RECORD SET
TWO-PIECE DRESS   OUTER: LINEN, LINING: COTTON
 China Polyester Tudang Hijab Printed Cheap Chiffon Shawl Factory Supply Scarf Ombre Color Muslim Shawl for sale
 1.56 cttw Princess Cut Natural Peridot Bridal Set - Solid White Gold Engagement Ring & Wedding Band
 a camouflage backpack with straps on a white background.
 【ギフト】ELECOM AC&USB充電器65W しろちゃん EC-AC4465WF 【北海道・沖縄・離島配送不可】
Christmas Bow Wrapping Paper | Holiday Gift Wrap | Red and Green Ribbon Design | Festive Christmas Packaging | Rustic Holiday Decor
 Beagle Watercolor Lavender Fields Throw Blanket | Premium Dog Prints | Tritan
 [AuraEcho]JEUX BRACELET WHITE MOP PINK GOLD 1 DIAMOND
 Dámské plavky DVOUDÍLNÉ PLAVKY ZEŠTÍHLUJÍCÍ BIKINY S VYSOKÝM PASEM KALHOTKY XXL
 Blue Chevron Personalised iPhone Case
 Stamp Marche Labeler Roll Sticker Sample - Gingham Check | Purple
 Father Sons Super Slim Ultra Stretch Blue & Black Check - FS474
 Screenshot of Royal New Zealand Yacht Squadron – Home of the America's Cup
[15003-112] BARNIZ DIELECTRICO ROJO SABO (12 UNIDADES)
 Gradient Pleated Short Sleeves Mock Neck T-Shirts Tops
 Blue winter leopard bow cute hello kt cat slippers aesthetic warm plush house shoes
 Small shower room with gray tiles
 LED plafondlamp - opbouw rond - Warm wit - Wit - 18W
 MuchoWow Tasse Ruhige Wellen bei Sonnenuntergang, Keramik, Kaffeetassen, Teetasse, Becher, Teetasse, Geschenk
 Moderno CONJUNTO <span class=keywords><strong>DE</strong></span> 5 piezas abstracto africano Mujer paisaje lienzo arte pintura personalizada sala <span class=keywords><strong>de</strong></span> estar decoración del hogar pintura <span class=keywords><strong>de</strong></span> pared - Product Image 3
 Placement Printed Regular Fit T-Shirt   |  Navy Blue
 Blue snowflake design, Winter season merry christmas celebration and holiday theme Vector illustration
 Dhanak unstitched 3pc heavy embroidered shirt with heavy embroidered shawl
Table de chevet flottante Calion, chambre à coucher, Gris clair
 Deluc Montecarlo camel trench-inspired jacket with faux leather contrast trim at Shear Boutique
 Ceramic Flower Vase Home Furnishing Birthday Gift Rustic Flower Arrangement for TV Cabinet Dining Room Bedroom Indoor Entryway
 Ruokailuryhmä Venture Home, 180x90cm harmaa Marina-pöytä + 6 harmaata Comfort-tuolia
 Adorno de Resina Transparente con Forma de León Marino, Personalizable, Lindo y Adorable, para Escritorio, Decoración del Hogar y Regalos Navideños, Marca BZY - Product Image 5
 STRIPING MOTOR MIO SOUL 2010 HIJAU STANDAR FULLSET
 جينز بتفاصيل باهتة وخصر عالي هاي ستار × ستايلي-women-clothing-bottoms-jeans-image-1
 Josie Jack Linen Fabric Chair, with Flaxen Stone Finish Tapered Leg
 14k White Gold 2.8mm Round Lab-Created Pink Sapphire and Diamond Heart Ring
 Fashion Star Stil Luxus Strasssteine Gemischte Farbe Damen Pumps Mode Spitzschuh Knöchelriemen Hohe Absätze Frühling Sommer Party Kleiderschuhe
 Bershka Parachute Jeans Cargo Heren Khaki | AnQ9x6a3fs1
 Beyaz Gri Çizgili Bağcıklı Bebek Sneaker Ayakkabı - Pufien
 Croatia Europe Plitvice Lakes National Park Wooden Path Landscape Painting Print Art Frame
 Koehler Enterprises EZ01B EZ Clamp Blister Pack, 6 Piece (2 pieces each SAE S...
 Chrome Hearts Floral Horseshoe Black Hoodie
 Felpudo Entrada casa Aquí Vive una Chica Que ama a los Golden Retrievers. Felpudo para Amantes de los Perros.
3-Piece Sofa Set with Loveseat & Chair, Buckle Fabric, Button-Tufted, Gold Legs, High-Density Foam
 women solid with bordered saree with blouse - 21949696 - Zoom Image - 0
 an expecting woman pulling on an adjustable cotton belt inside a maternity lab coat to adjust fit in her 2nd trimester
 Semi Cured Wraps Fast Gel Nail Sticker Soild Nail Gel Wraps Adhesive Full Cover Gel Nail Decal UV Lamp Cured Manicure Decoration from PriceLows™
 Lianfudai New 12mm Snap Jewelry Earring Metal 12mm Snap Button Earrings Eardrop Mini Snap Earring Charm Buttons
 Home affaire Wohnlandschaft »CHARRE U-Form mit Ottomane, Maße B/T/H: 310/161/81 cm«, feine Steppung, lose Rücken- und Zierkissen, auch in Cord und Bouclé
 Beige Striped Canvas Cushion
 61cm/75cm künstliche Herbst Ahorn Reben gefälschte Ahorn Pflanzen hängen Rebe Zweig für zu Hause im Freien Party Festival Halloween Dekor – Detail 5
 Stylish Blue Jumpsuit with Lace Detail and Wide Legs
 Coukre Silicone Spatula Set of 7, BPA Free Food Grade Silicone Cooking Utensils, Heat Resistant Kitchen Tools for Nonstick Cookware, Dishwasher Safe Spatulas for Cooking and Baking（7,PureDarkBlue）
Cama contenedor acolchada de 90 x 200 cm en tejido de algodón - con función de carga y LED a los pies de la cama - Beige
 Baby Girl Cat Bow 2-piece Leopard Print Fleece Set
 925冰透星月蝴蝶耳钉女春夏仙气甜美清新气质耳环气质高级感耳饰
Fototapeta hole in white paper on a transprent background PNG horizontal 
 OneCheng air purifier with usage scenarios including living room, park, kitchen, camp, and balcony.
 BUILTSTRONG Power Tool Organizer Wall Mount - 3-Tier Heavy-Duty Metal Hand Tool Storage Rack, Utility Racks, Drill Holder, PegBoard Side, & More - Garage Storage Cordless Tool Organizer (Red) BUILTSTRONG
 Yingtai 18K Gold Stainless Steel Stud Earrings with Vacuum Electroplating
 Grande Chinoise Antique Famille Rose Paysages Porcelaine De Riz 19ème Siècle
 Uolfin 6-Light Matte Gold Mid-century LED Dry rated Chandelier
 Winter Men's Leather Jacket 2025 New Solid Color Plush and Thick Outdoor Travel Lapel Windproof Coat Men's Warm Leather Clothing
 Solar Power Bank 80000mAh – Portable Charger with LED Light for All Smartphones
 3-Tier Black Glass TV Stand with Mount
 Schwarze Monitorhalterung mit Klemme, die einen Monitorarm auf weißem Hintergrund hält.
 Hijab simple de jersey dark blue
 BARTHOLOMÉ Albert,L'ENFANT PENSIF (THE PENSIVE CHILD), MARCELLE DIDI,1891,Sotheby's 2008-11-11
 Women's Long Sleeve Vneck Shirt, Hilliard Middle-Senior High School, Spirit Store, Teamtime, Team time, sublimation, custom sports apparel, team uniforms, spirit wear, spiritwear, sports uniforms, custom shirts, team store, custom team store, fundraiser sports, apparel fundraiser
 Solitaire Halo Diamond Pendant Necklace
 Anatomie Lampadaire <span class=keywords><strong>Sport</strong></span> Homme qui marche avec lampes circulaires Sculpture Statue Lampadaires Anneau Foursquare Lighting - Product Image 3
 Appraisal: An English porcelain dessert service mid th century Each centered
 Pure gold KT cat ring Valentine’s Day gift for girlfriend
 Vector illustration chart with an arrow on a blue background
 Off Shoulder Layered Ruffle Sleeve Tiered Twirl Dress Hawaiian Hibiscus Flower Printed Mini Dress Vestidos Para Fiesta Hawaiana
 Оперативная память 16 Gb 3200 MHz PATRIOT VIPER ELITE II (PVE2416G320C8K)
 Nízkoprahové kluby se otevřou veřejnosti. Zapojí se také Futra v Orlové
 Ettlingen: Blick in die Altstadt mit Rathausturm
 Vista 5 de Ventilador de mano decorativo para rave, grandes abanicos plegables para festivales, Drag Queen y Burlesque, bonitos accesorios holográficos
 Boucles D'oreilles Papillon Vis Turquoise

TASK
Copy out all lines above that include the string "Detail".

ANSWER
 61cm/75cm künstliche Herbst Ahorn Reben gefälschte Ahorn Pflanzen hängen Rebe Zweig für zu Hause im Freien Party Festival Halloween Dekor – Detail 5
 Stylish Blue Jumpsuit with Lace Detail and Wide Legs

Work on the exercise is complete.